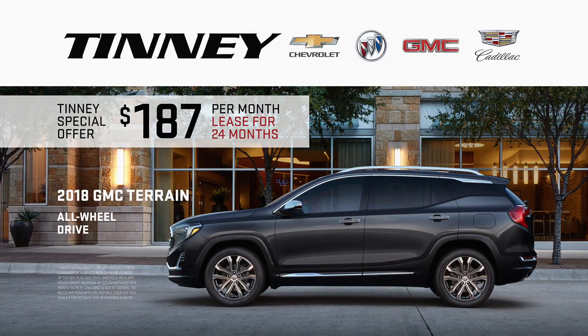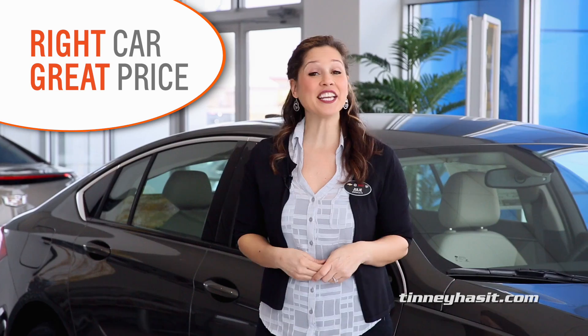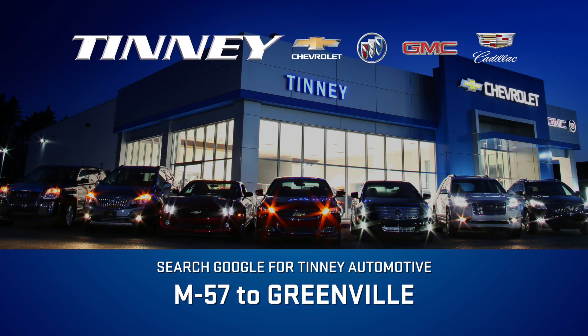Get a new all-wheel drive Terrain from just $187 a month at Tinney. Tinney — right car, great price. Search Google for Tinney Automotive.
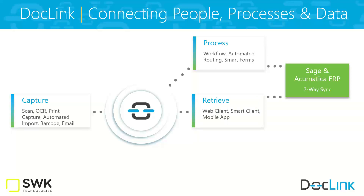DocLink also has the ability to take documents generated from your ERP — Sage or Acumatica — join them up with supporting documents, and send them out of the organization. Think really broadly: purchase orders out to vendors is one example. Also accounts receivable — the AR invoice joined with supplemental documents is another use case.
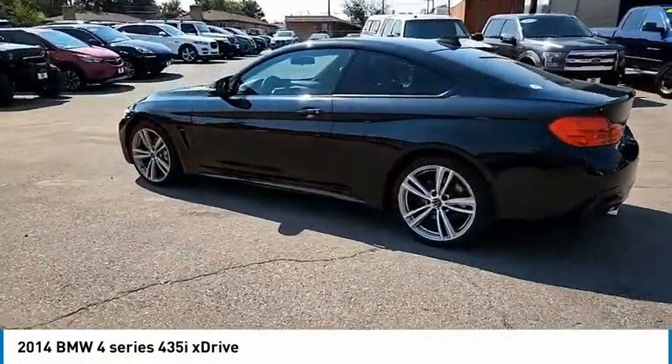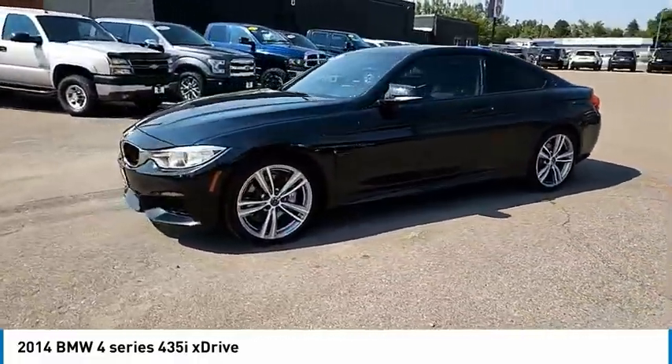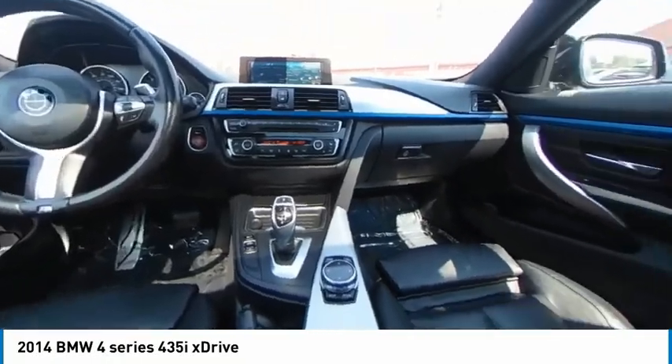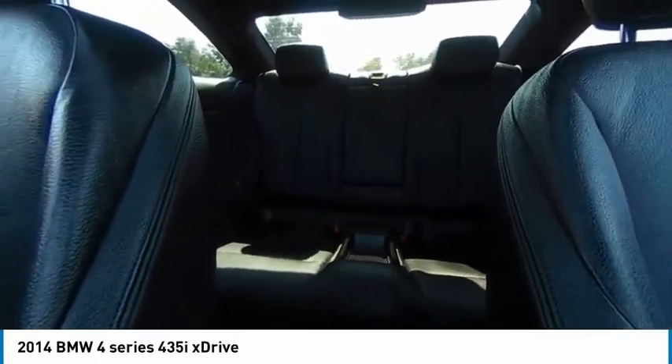This vehicle has less than 85,000 miles. Here are some of this vehicle's great options: body color door handles, perimeter alarm, trip computer, universal garage door opener, front bucket seats. Come take a test drive today.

---+---

● WHAT IS EXPECTED
The data must be repeated exactly. Any pictures in it are to be left out.

● TASK RESPONSE
Get a new all-wheel drive Terrain from just $187 a month at Tinney. Tinney — right car, great price. Search Google for Tinney Automotive.
DocLink also has the ability to take documents generated from your ERP — Sage or Acumatica — join them up with supporting documents, and send them out of the organization. Think really broadly: purchase orders out to vendors is one example. Also accounts receivable — the AR invoice joined with supplemental documents is another use case.
This vehicle has less than 85,000 miles. Here are some of this vehicle's great options: body color door handles, perimeter alarm, trip computer, universal garage door opener, front bucket seats. Come take a test drive today.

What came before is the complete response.